Pictures in the records below must be left out. Return exactly the lines from the line with "21123 W 186th Terrace, Spring Hill, KS 66083" to the line with "秀人集.com_[IMISS", both included.

— GIVEN DATA —
————————
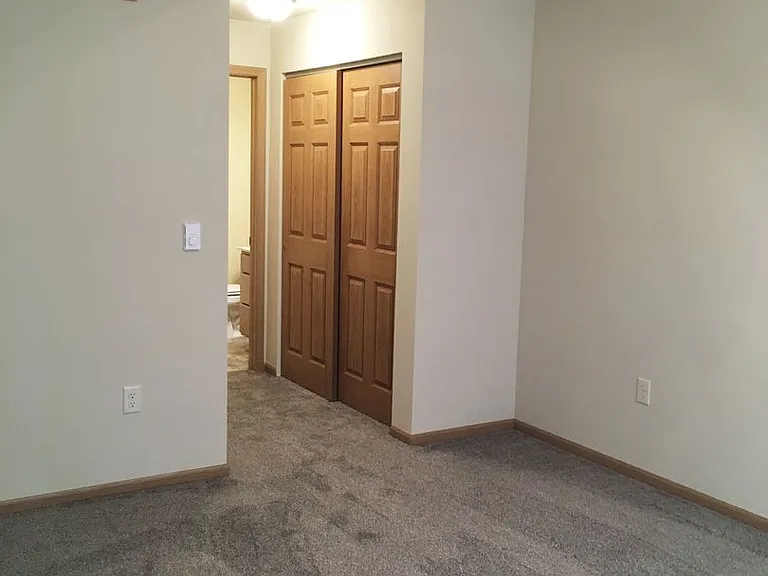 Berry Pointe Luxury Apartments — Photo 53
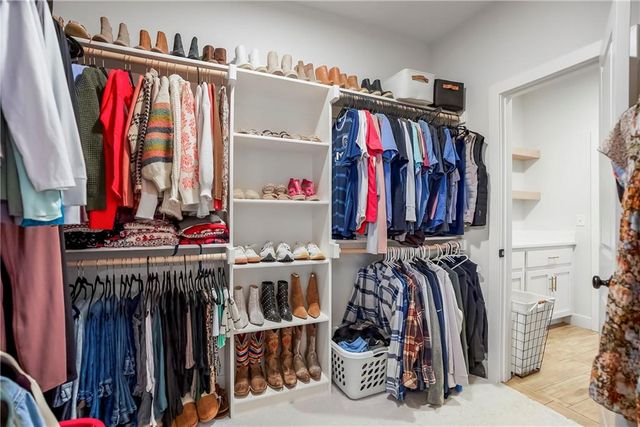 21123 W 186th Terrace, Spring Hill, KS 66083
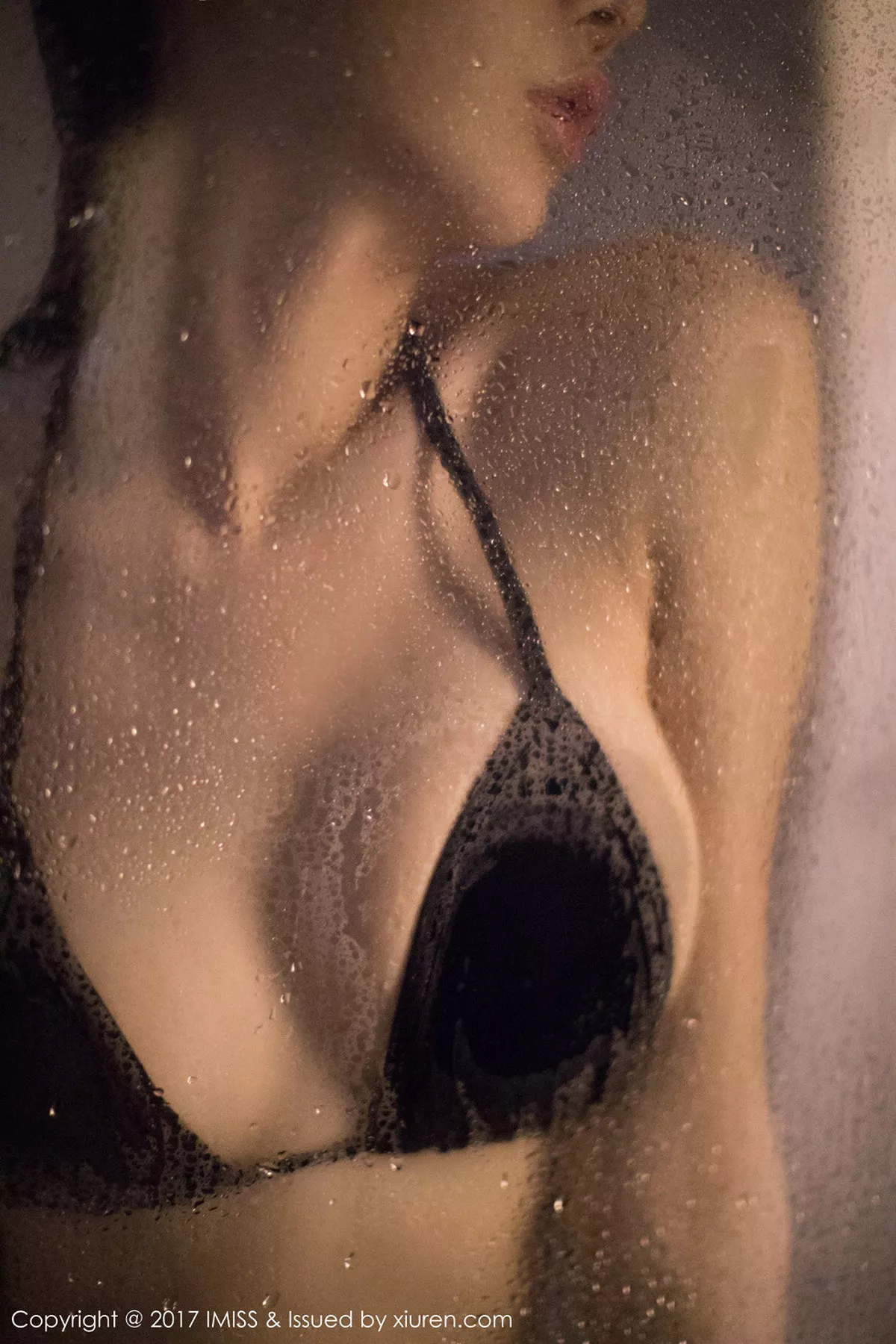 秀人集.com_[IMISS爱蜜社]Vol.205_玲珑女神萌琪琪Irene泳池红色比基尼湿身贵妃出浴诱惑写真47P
————————
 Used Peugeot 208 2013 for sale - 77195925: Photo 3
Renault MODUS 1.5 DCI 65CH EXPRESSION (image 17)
————————
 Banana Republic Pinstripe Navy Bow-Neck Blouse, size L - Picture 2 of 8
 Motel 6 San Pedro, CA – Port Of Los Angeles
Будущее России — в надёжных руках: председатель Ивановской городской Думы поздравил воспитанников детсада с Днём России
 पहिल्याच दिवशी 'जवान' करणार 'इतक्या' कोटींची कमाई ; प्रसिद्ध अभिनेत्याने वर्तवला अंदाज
————————
— RESPONSE TO THIS EXERCISE —
 21123 W 186th Terrace, Spring Hill, KS 66083
 秀人集.com_[IMISS爱蜜社]Vol.205_玲珑女神萌琪琪Irene泳池红色比基尼湿身贵妃出浴诱惑写真47P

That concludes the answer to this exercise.